__Exercise directions__. Restate word for word only the lines running from the one with "Pre Owned Chanel" to the end of the data, both ends included. Omit any pictures.

Crawled caption data:
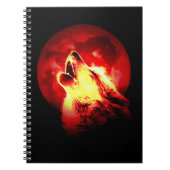 Red Night & Howling Wolf Portrait-Notebook Notizblock (Vorderseite)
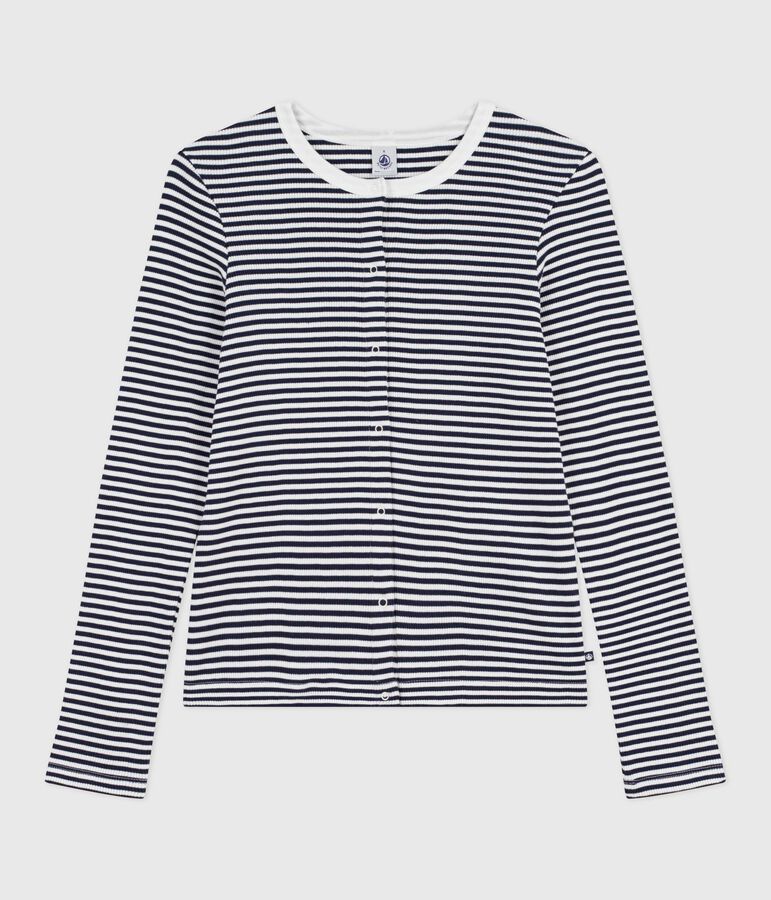 Cardigan in cotone a righe donna blu/bianco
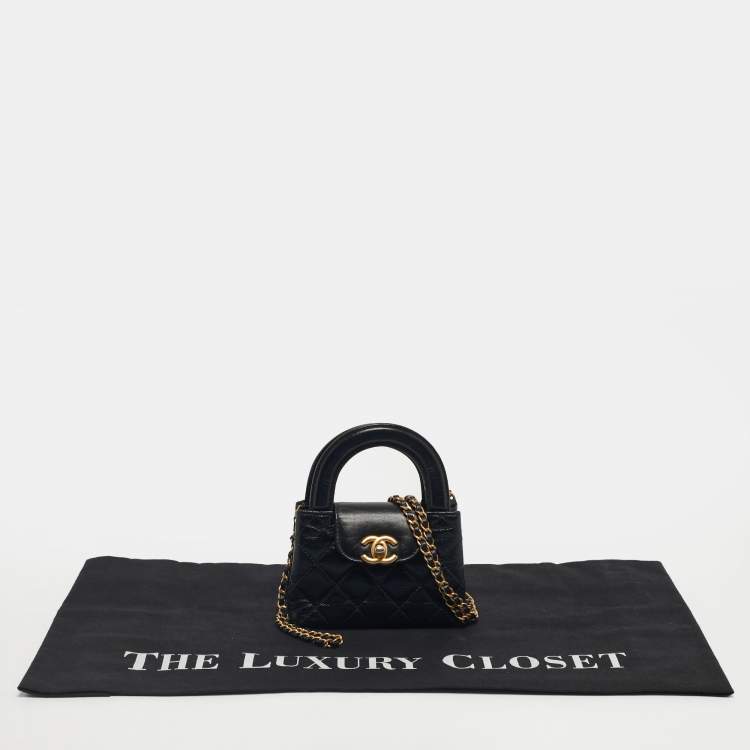 Pre Owned Chanel Black Quilted Leather Mini Nano Kelly Crossbody Bag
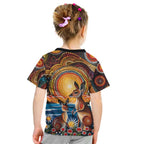 Australian Kangaroos Art Kid T Shirt Aboriginal Dot Painting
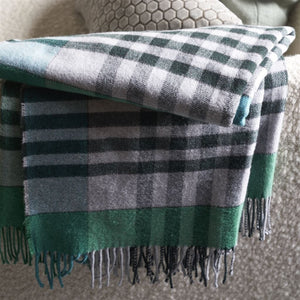 Throw Blanket - Bankura Emerald Throw - Designers Guild at Fig Linens and Home 15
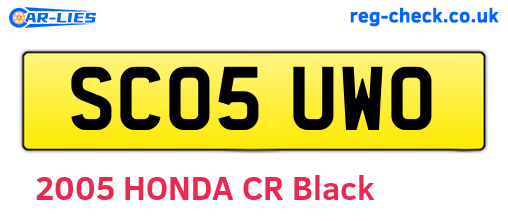 SC05UWO are the vehicle registration plates.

__Answer space__.
 Pre Owned Chanel Black Quilted Leather Mini Nano Kelly Crossbody Bag
 Australian Kangaroos Art Kid T Shirt Aboriginal Dot Painting
 Throw Blanket - Bankura Emerald Throw - Designers Guild at Fig Linens and Home 15
 SC05UWO are the vehicle registration plates.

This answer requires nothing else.